In Book X (10) of The Illiad Hector (edition: Britannica Great Books of the Western World (The Illiad and The Odessey together), rendered into English prose by Samuel Butler) swears the following oath
"May Jove the thundering husband of Juno bear witnes that no other Trojan but yourself shall mount those steeds, and that you shall have your will with them for ever."
He swears this to Dolon, son of Eumedes, who agrees to, in return for Peleus's chaiot and steeds when and if they should be captured, spy on the Achaeans and try discover their plans of battle for the next day.
The oath is followed by the following sentence:
The oath he swore was bootless, but it made Dolon more keen on going.

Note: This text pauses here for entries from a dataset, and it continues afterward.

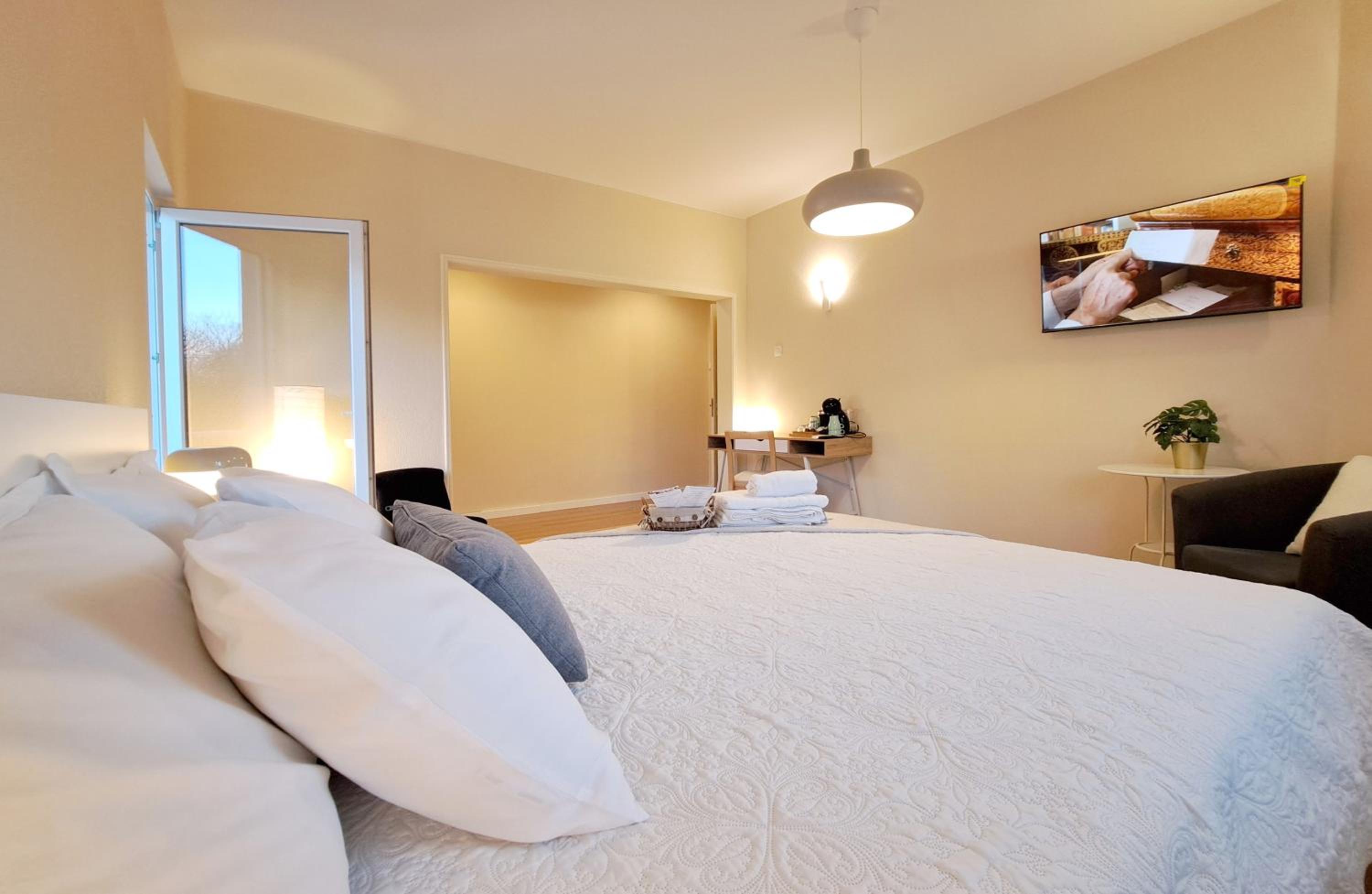 Deluxe Queen Room photo 2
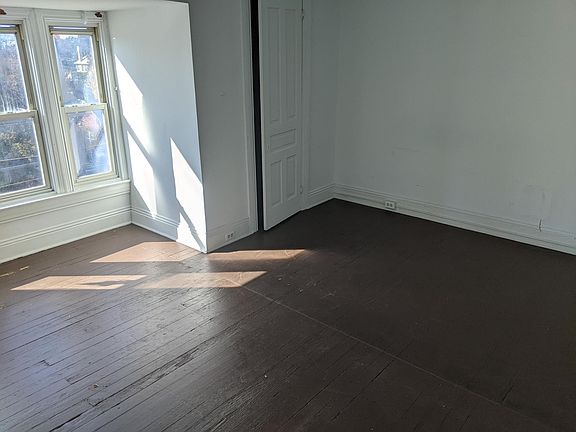 5th image of 927 S Queen St APT 3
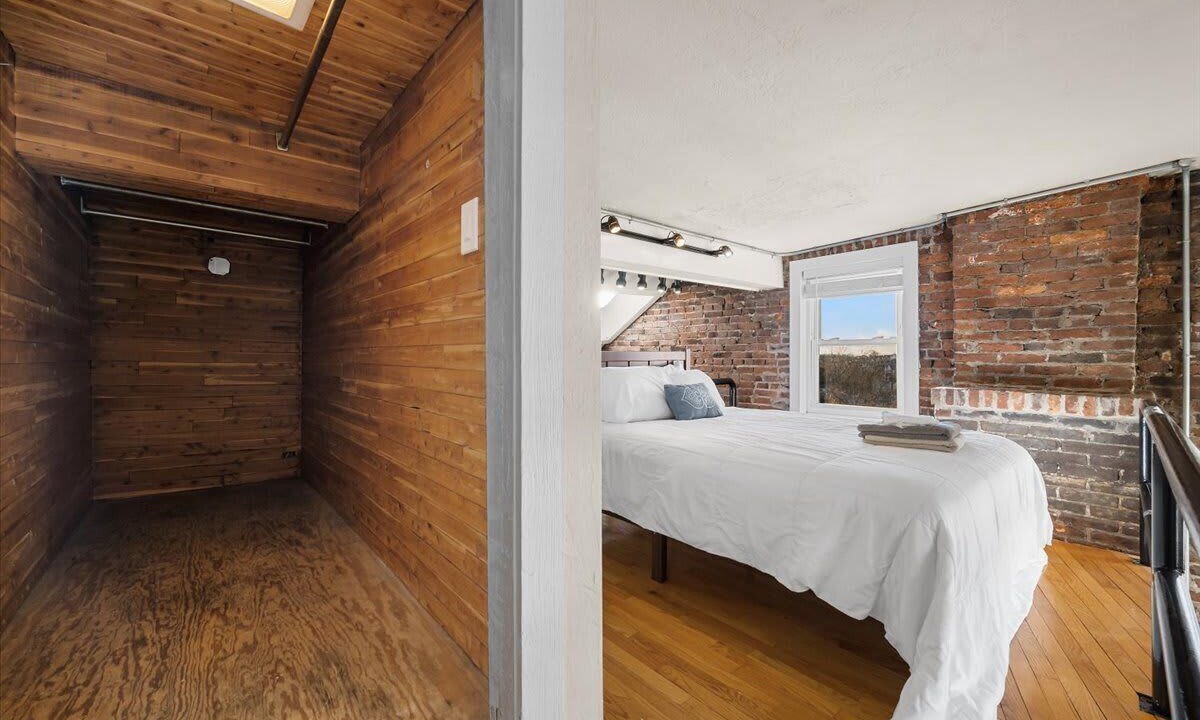 Photo of Bedroom in Mount Washington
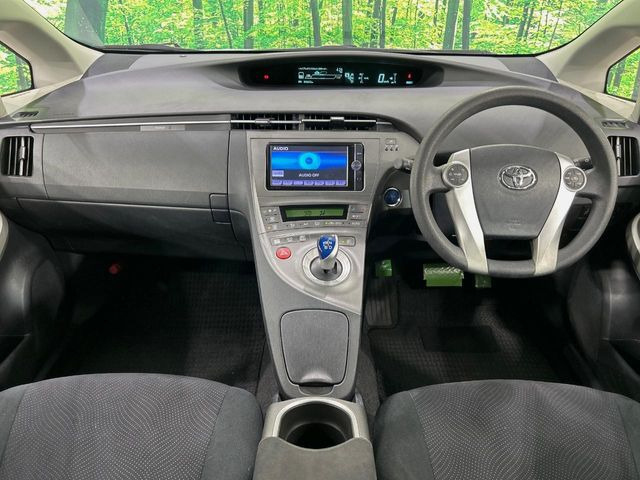 プリウス1.8 S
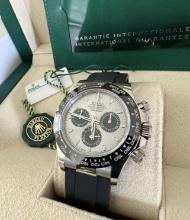 New Rolex 18k White Gold Daytona on Oysterflex Comes with Box & papers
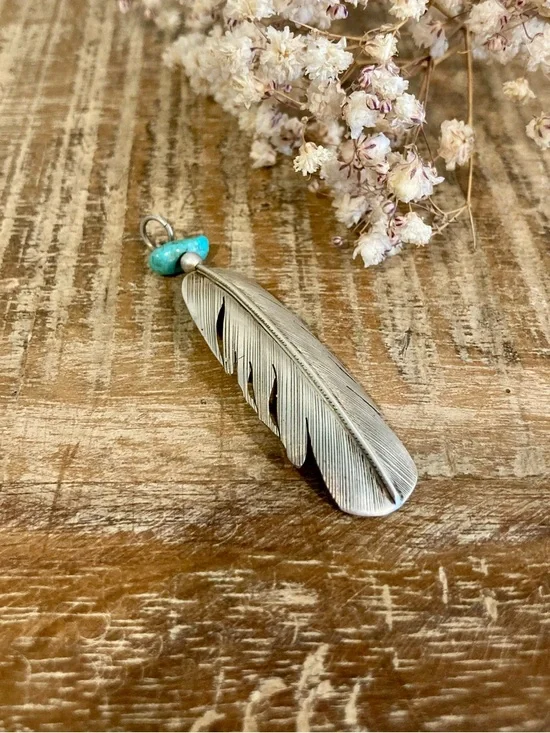 Vintage Sterling Silver HJ Chavez Signed Feather Pendant with Turquoise Accent - Picture 4 of 12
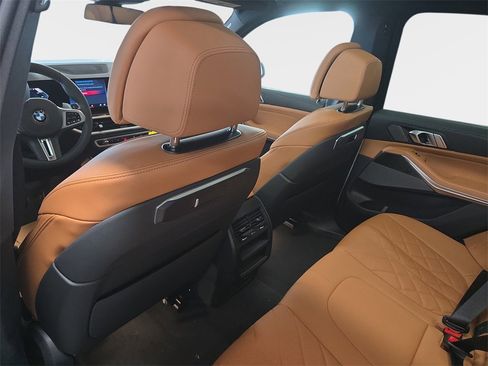 New 2026 BMW X5 M60i image 9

Why is the oath bootless? Is it because Jove only has to witness (instead of may jove take my children, juno give me no sons etc).
It can't be because the oath gives him no 'booty' (treasure/loot) because the horses are the boot...
Edit: There seems to be no reason (at this point) to think Hector would go back on his word, and the horses do exist, so presuming the Trojons win (which they are at this point in the story [the Achaeans are in retreat]) there is every reason to presume that Dolon will at some point recieve the horses.
Is the oath 'bootless/useless' because the promised reward is not certain, i.e. it cannot immediately be bestowed on him?
If so why is Dolon more eager to go?